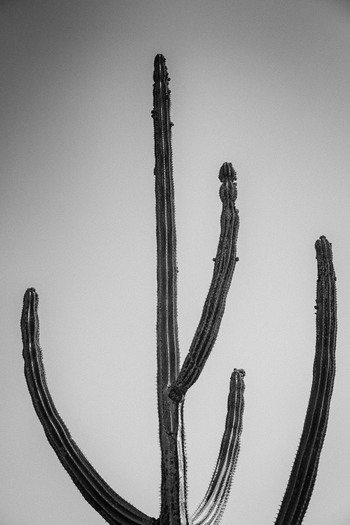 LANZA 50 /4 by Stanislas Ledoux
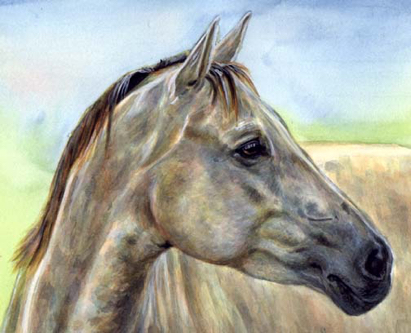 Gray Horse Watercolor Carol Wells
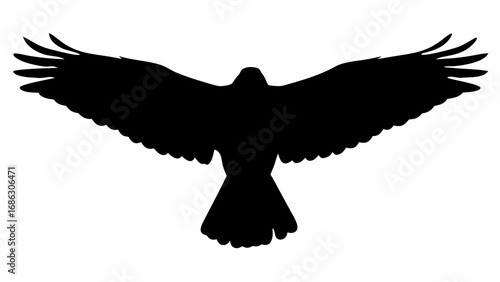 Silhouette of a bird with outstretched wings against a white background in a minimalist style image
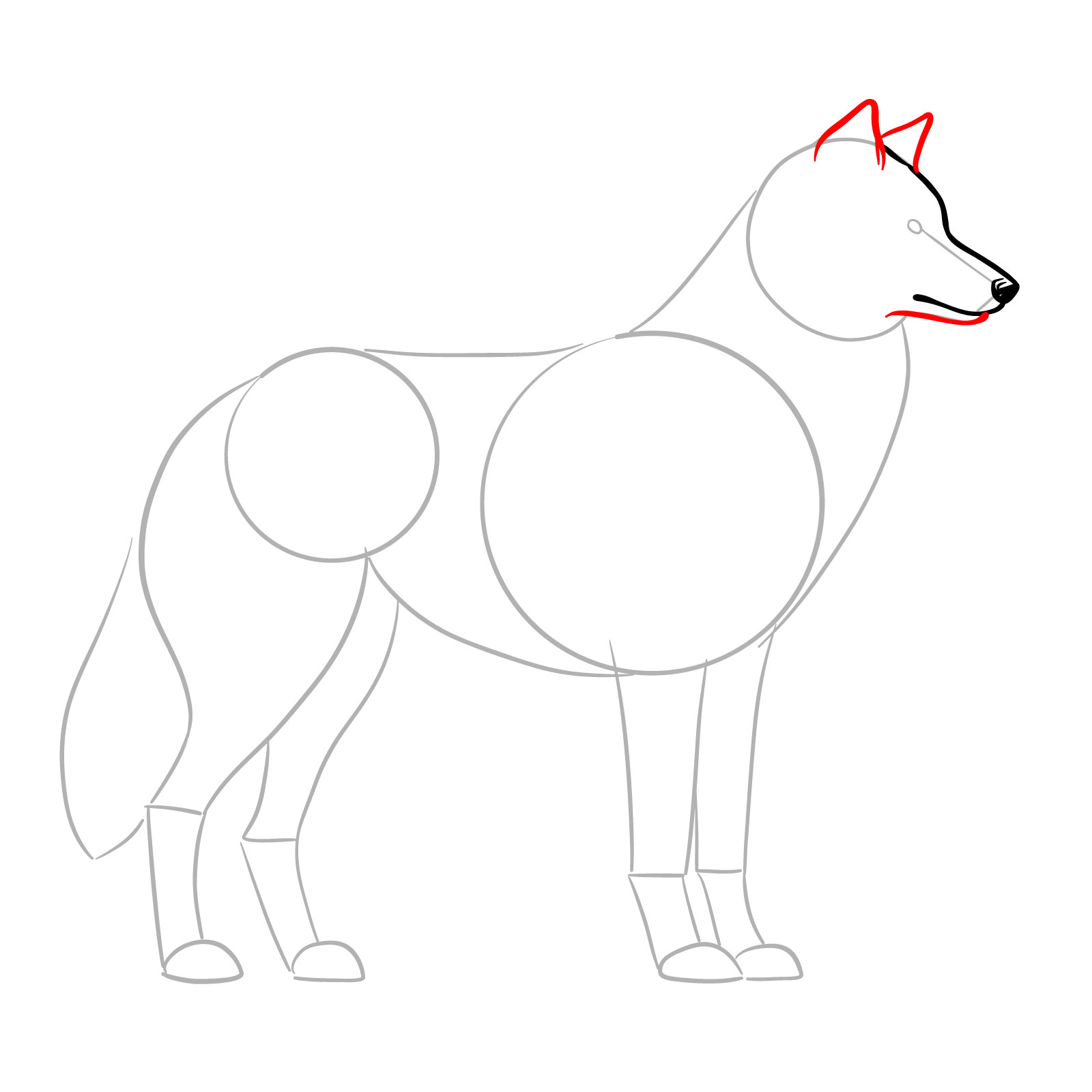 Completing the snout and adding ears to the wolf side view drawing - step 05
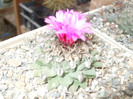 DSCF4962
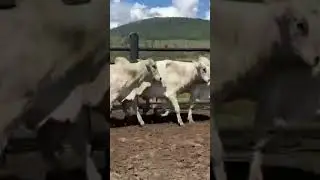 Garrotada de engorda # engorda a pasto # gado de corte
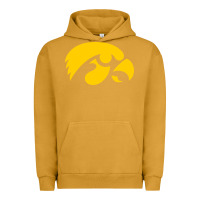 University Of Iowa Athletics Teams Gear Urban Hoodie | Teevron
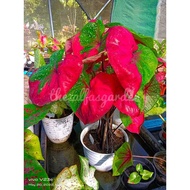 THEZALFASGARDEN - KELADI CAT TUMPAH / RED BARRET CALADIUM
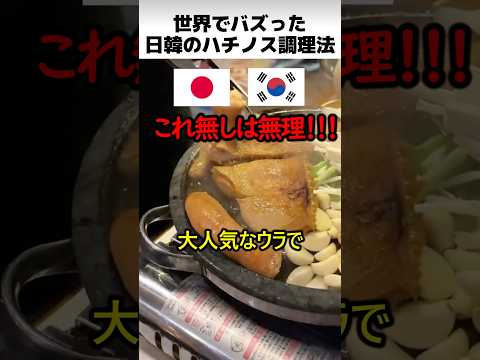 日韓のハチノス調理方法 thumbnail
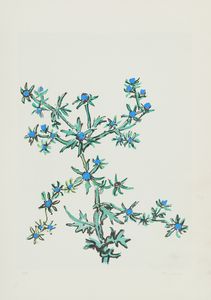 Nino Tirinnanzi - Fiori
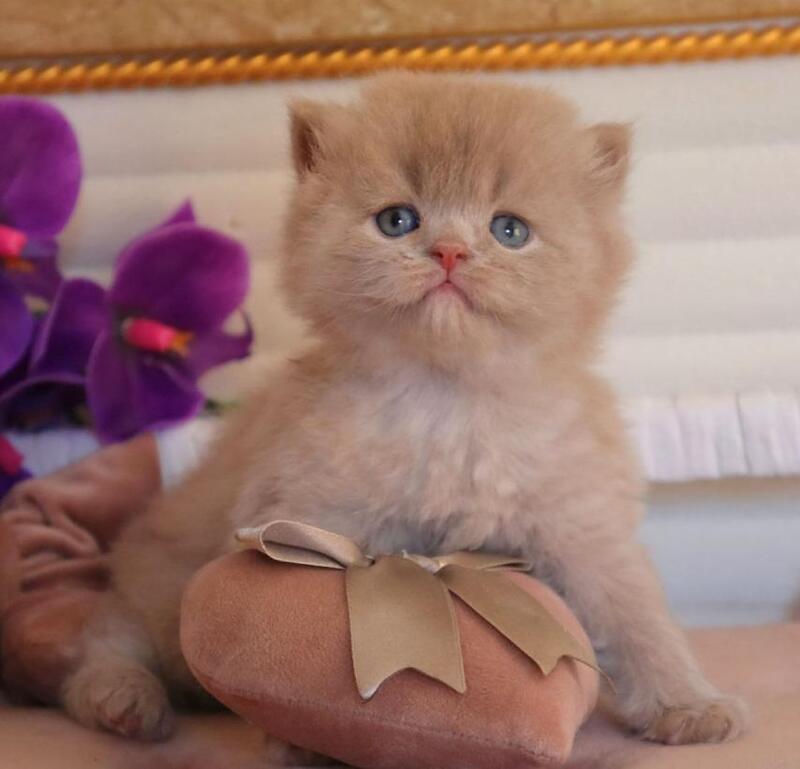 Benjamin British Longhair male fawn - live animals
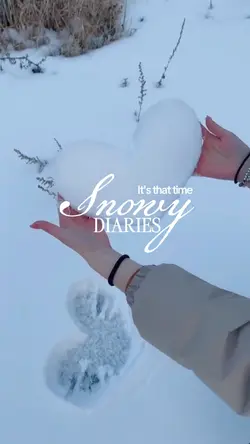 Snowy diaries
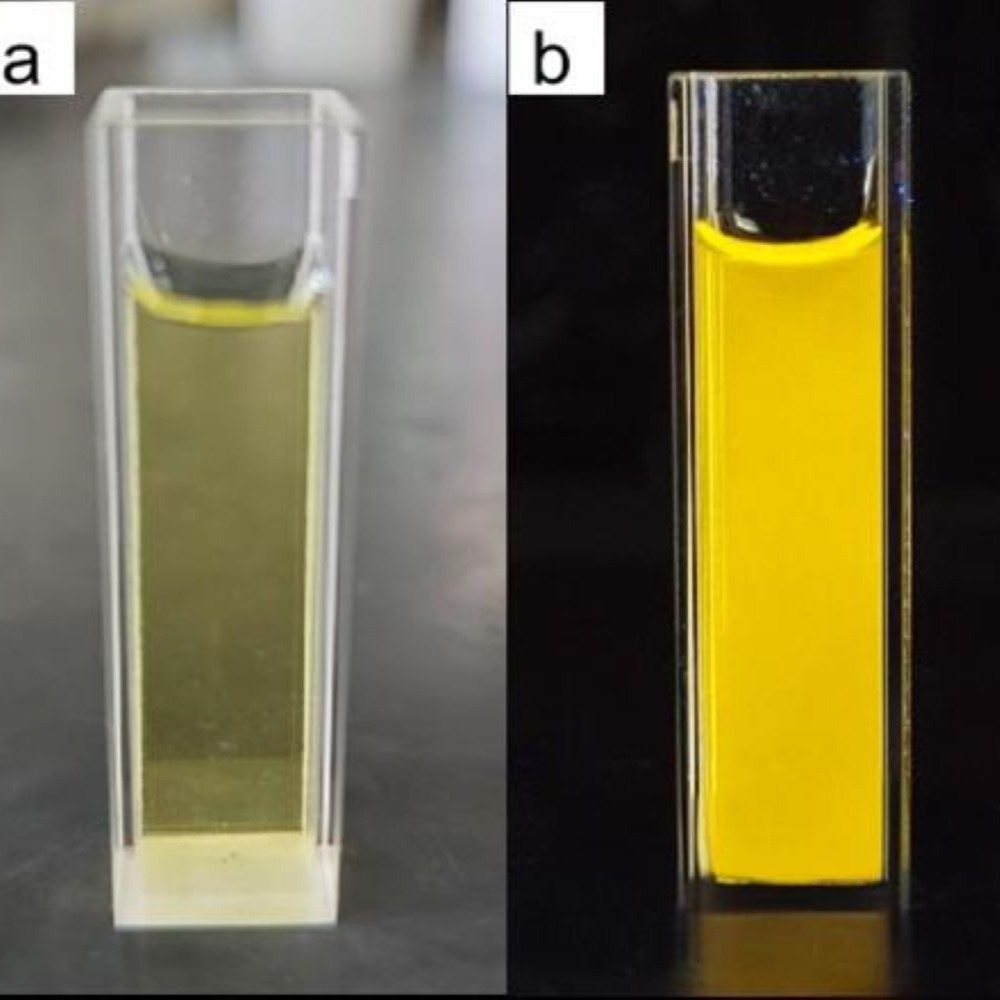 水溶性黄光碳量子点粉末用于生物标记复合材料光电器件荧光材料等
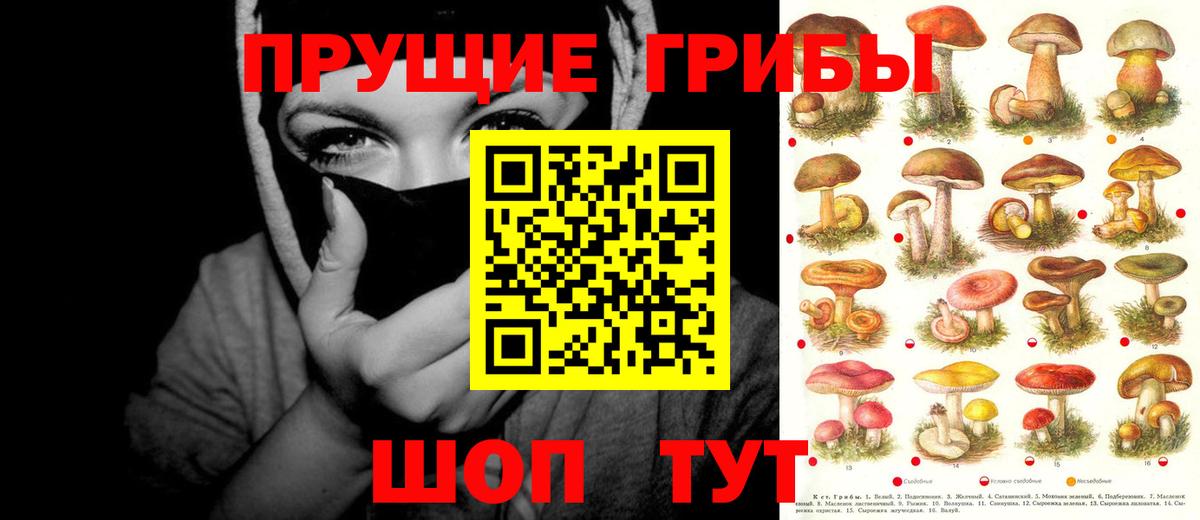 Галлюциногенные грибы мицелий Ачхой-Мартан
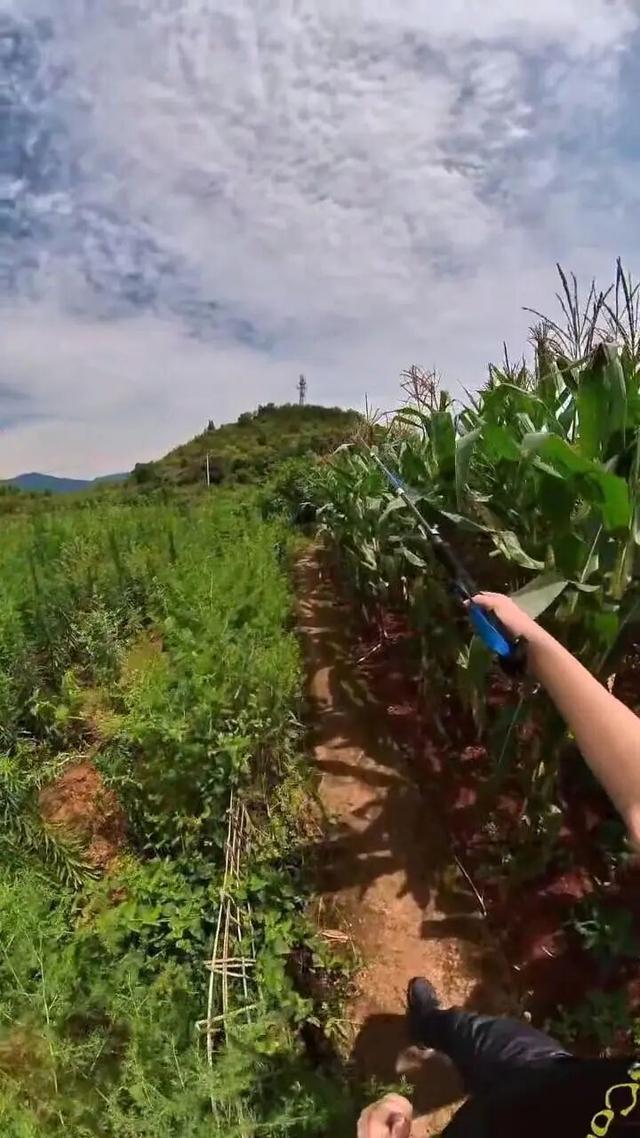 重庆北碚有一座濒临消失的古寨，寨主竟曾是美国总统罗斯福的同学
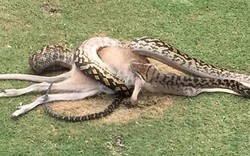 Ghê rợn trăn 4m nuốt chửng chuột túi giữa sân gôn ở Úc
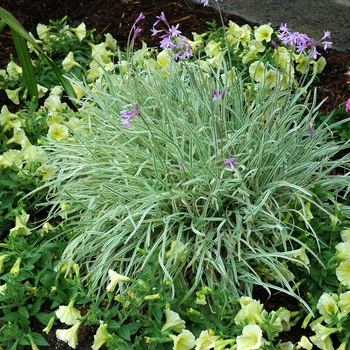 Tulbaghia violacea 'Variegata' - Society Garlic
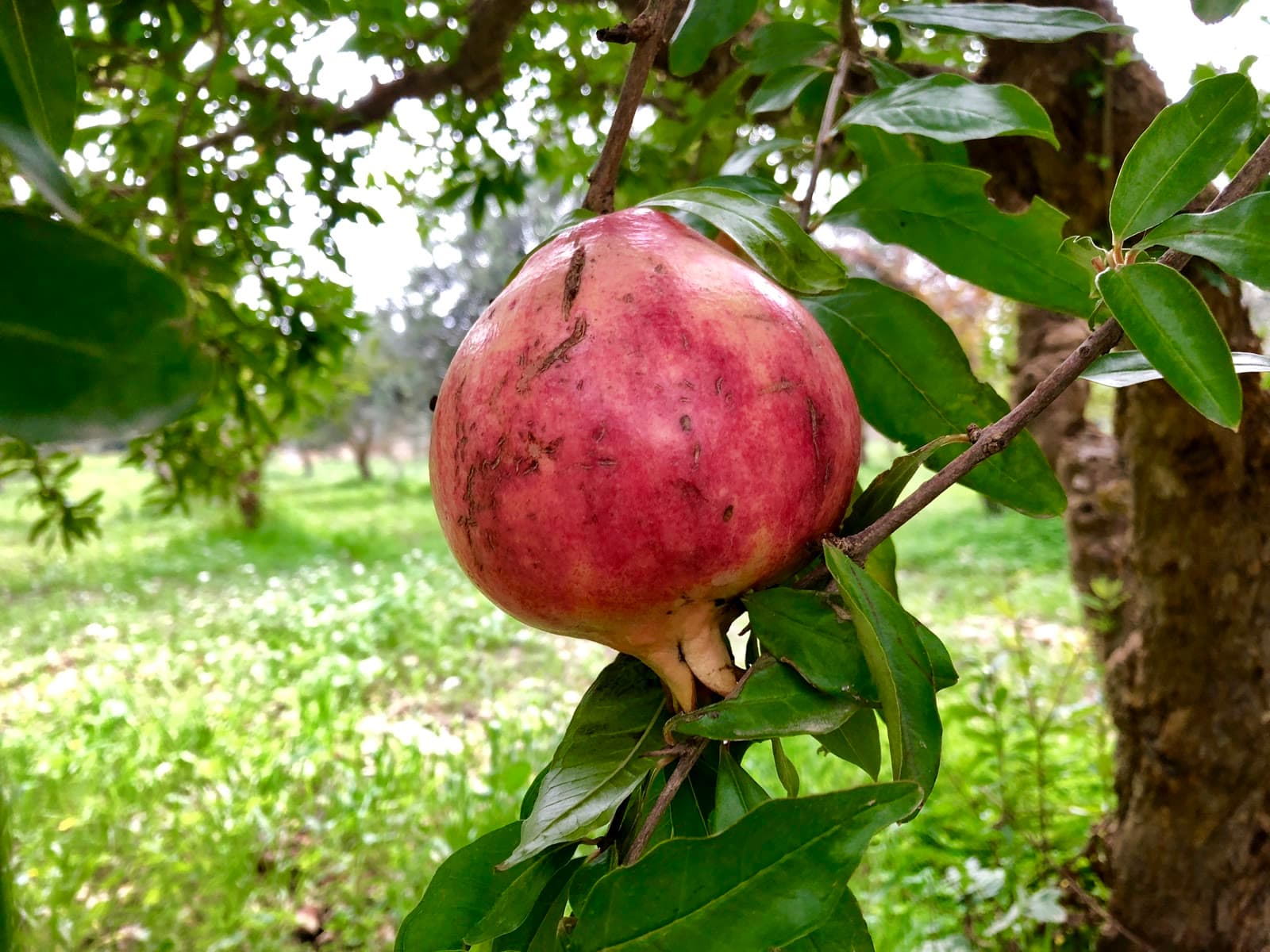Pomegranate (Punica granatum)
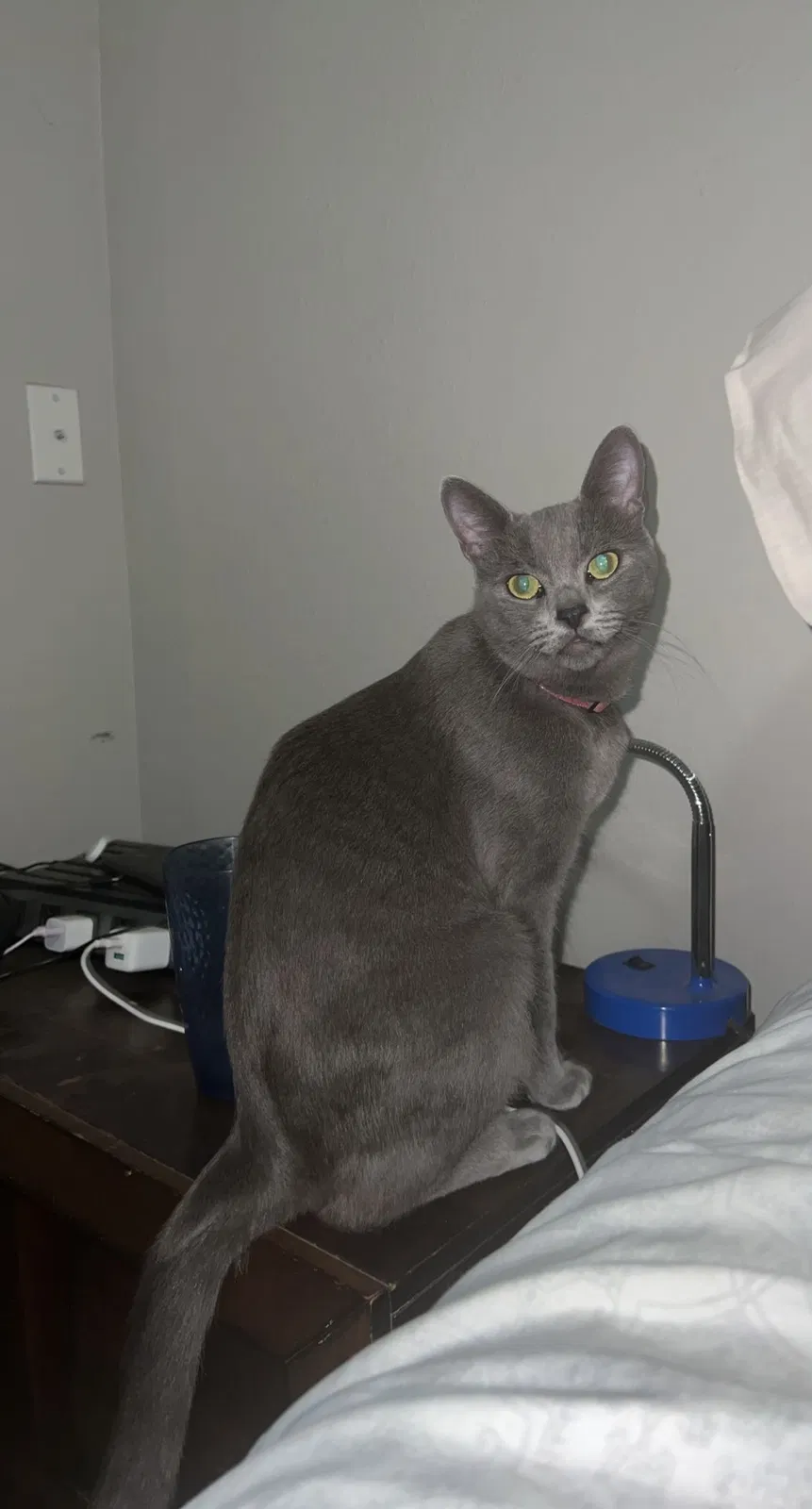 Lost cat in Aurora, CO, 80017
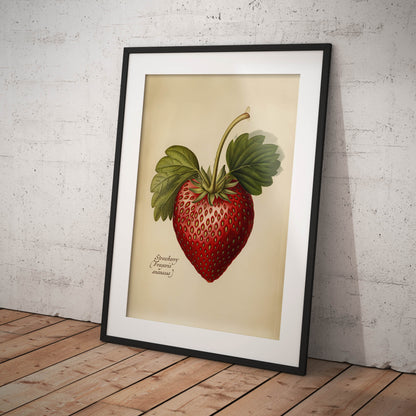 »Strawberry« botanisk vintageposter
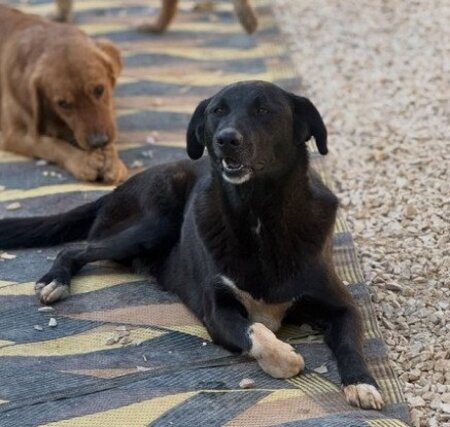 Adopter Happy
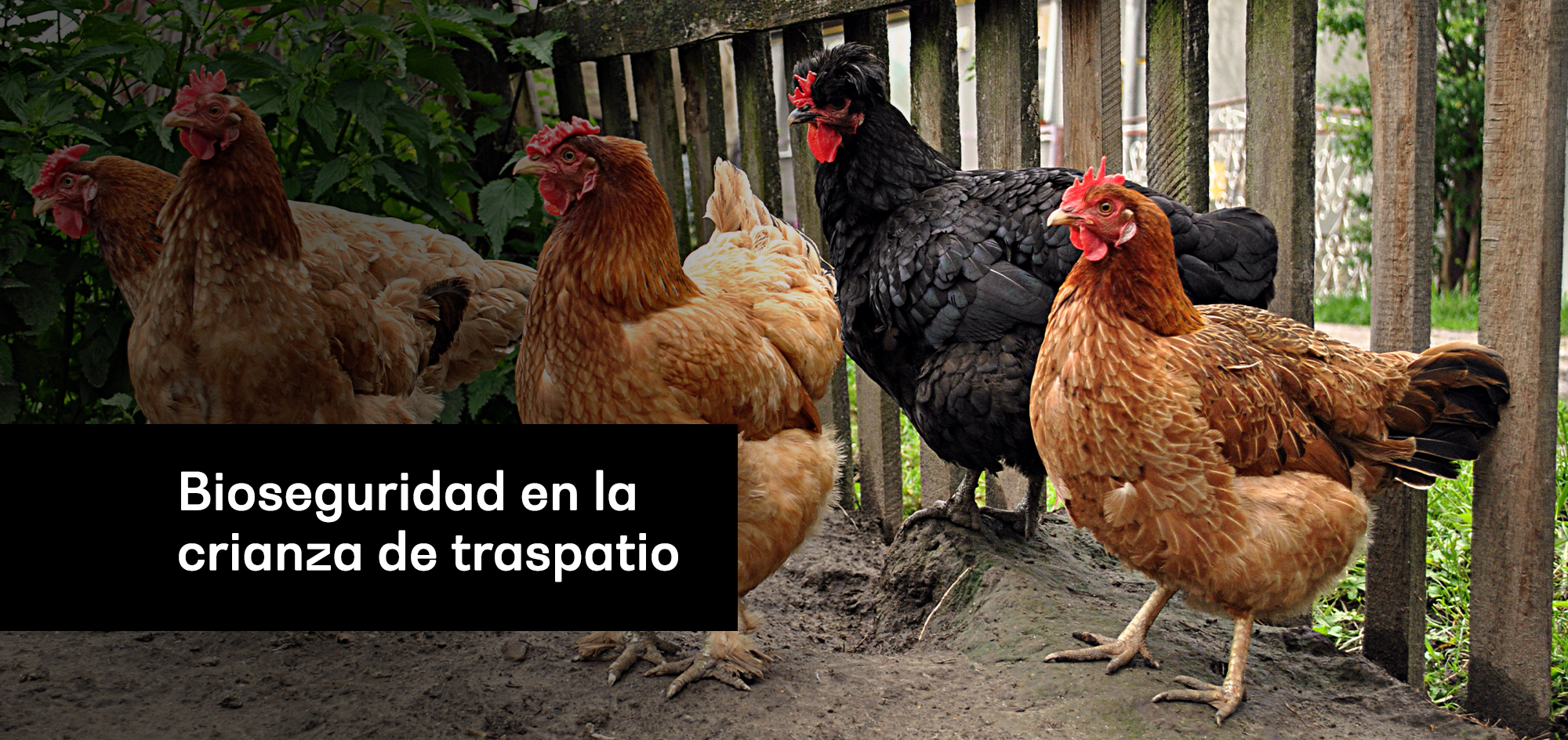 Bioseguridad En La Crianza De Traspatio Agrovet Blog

:::::

Copy every entry exactly; drop the pictures.

 LANZA 50 /4 by Stanislas Ledoux
 Gray Horse Watercolor Carol Wells
 Silhouette of a bird with outstretched wings against a white background in a minimalist style image
 Completing the snout and adding ears to the wolf side view drawing - step 05
 DSCF4962
 Garrotada de engorda # engorda a pasto # gado de corte
 University Of Iowa Athletics Teams Gear Urban Hoodie | Teevron
 THEZALFASGARDEN - KELADI CAT TUMPAH / RED BARRET CALADIUM
 日韓のハチノス調理方法 thumbnail
 Nino Tirinnanzi - Fiori
 Benjamin British Longhair male fawn - live animals
 Snowy diaries
 水溶性黄光碳量子点粉末用于生物标记复合材料光电器件荧光材料等
 Галлюциногенные грибы мицелий Ачхой-Мартан
 重庆北碚有一座濒临消失的古寨，寨主竟曾是美国总统罗斯福的同学
 Ghê rợn trăn 4m nuốt chửng chuột túi giữa sân gôn ở Úc
 Tulbaghia violacea 'Variegata' - Society Garlic
Pomegranate (Punica granatum)
 Lost cat in Aurora, CO, 80017
 »Strawberry« botanisk vintageposter
 Adopter Happy
 Bioseguridad En La Crianza De Traspatio Agrovet Blog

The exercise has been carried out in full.